## [WHAT NEEDS TO BE DONE]
Look through the listing below for the line with "KIA Carens 7-Seater (Silver), 2025" and the line with "Außenansicht des Markte". Copy both, along with every line between them, exactly and with no pictures.

DATASET ENTRIES START

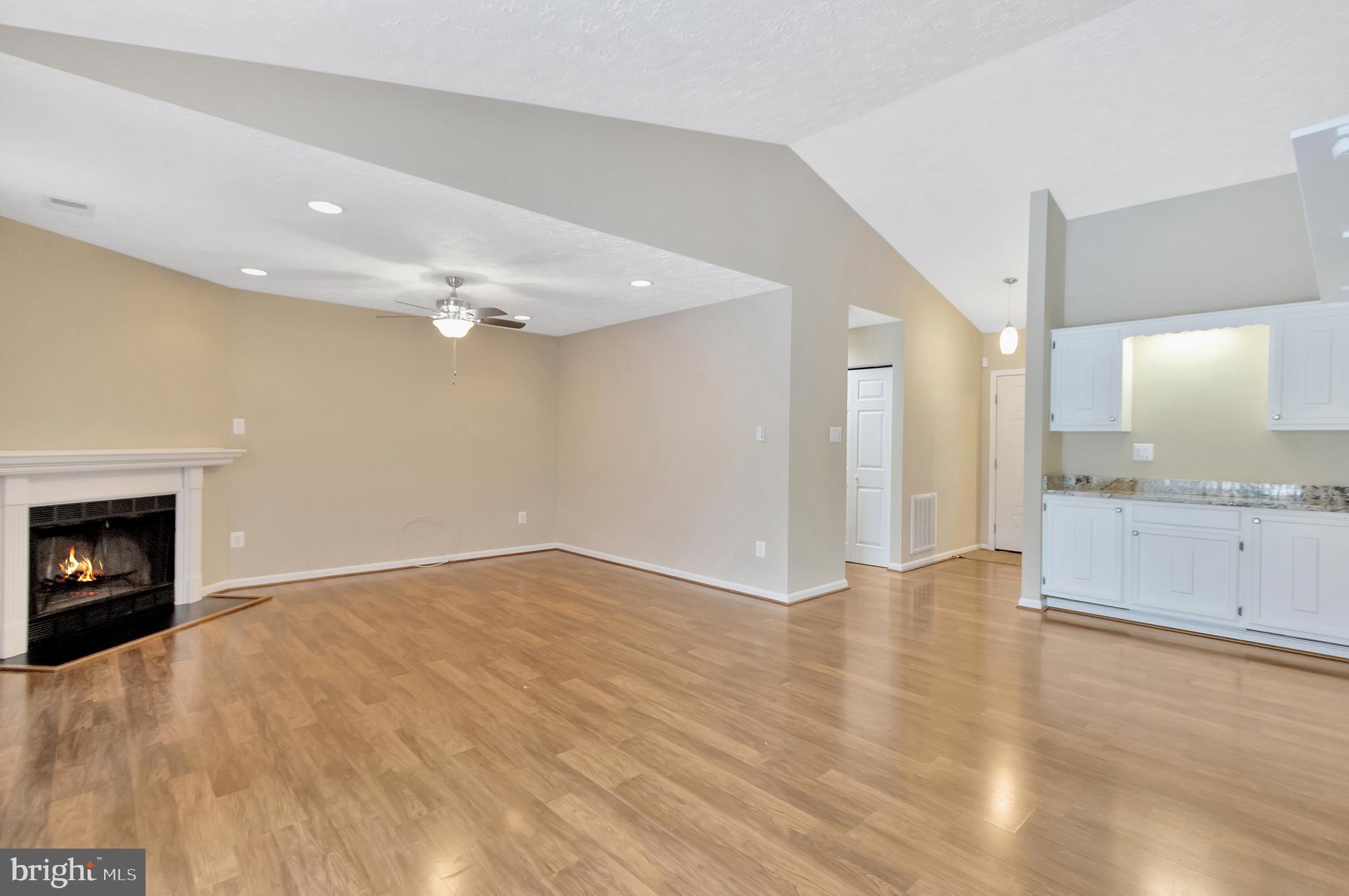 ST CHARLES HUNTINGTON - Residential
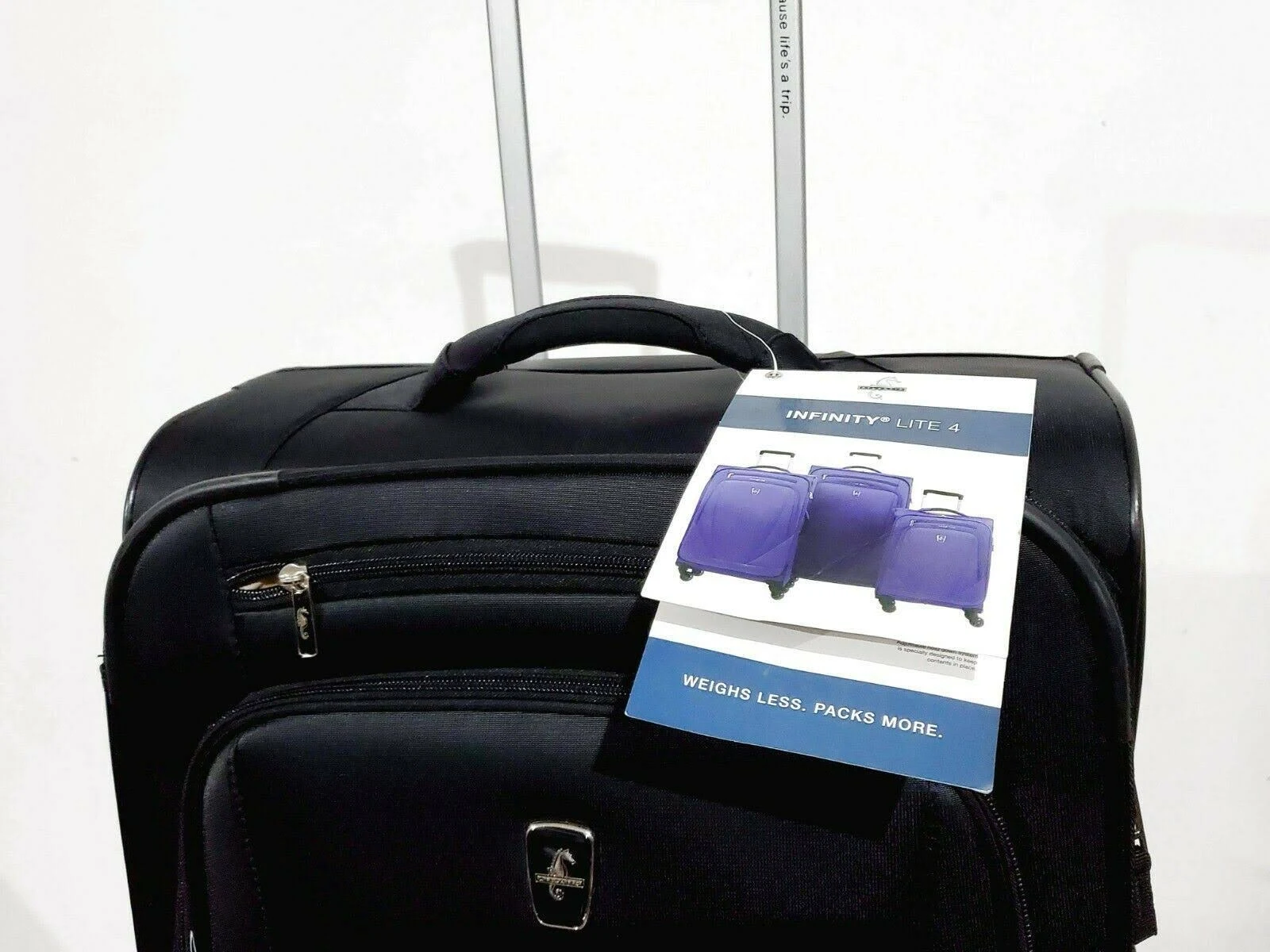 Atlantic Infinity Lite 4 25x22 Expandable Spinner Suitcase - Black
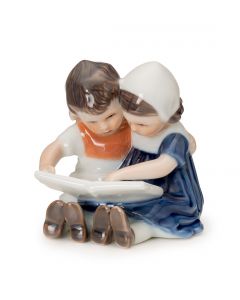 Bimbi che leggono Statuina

DATASET ENTRIES END
DATASET ENTRIES START

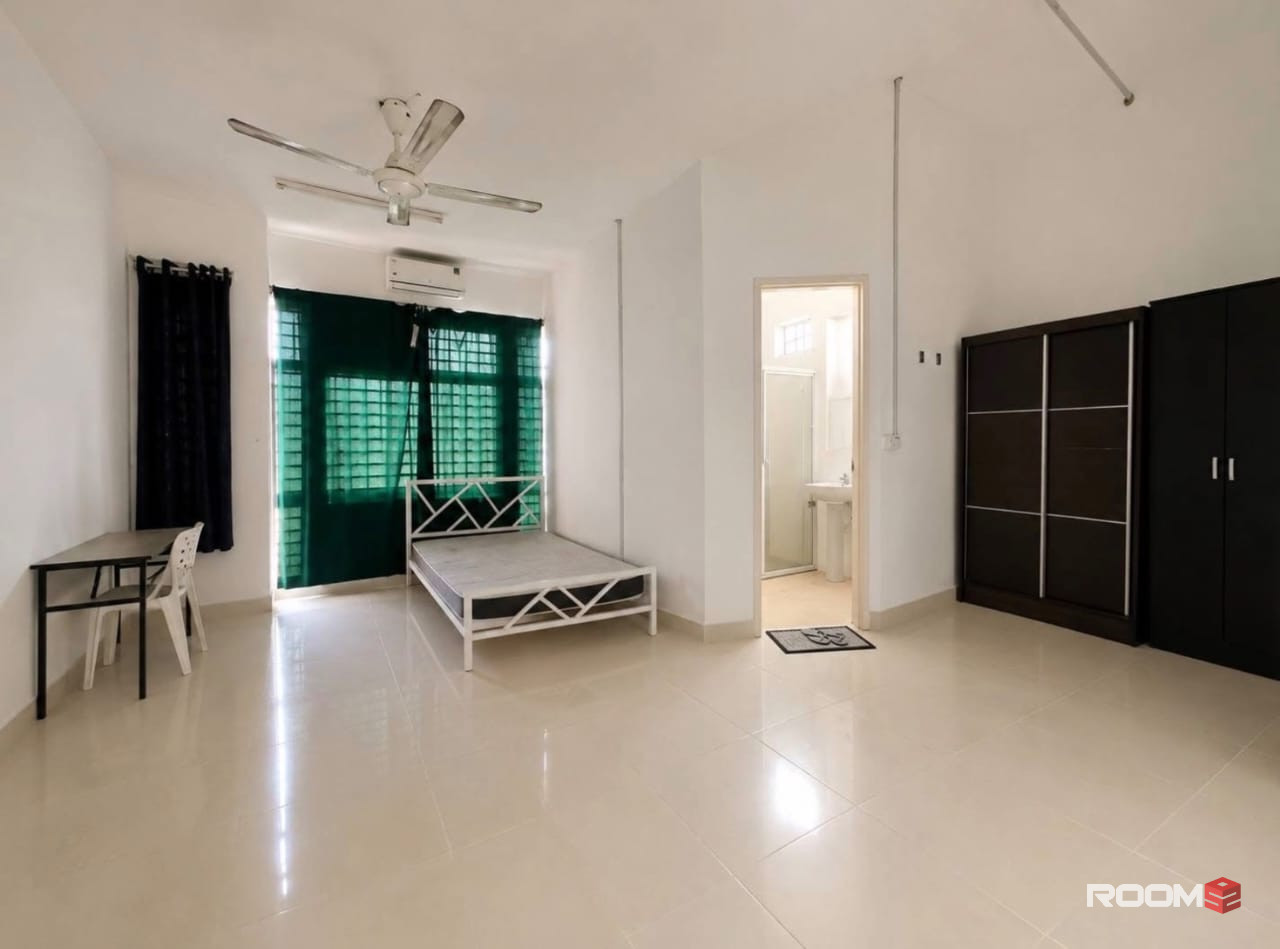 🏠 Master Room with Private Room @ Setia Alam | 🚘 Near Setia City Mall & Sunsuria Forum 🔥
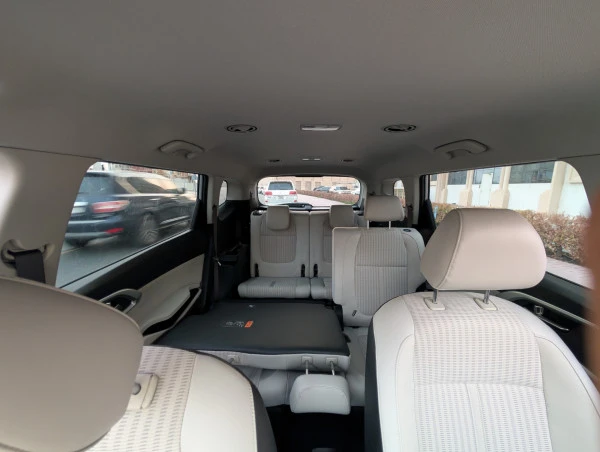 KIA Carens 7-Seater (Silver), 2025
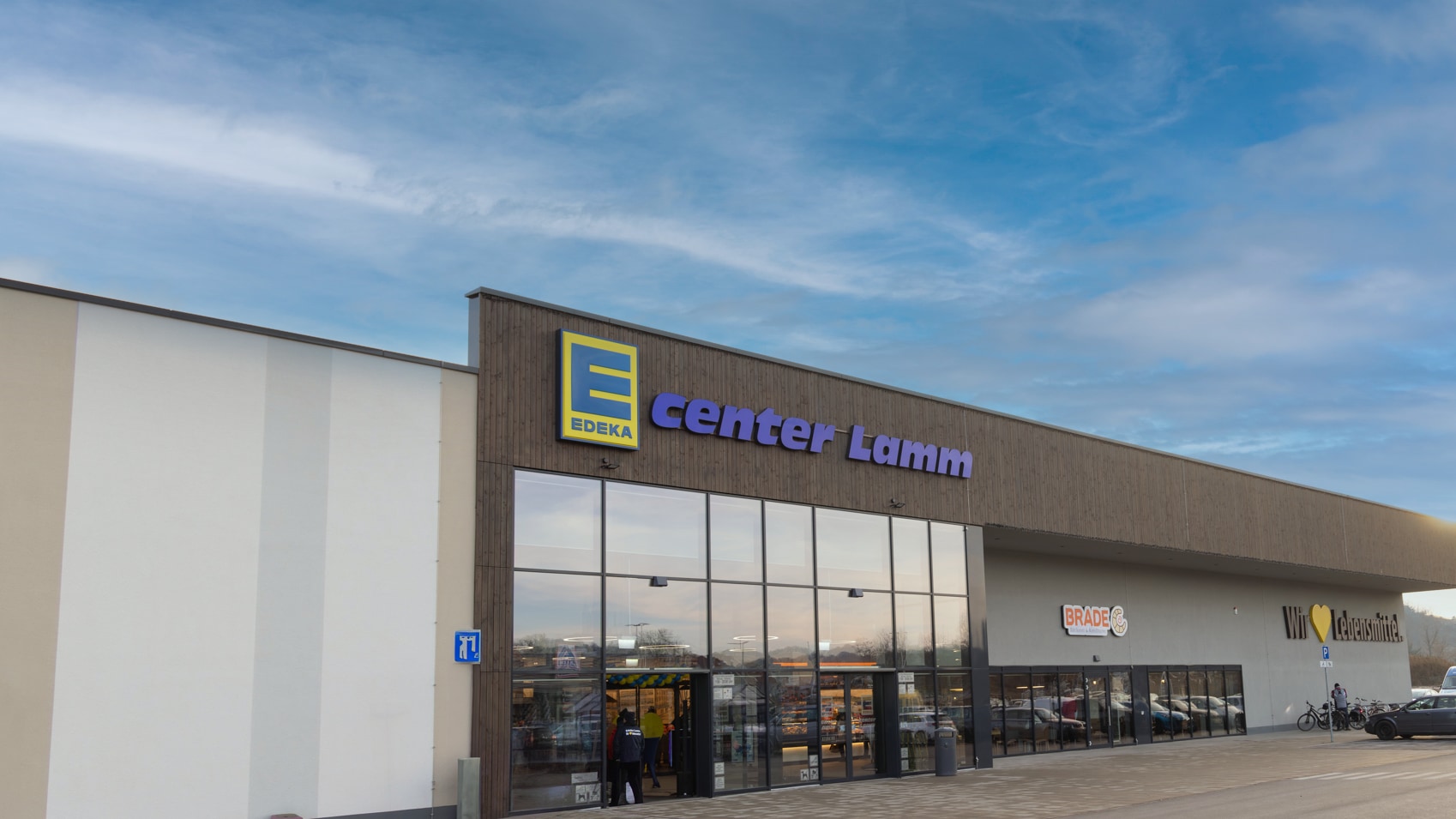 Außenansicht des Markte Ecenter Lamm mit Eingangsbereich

DATASET ENTRIES END

## [ANSWER SECTION]
 KIA Carens 7-Seater (Silver), 2025
 Außenansicht des Markte Ecenter Lamm mit Eingangsbereich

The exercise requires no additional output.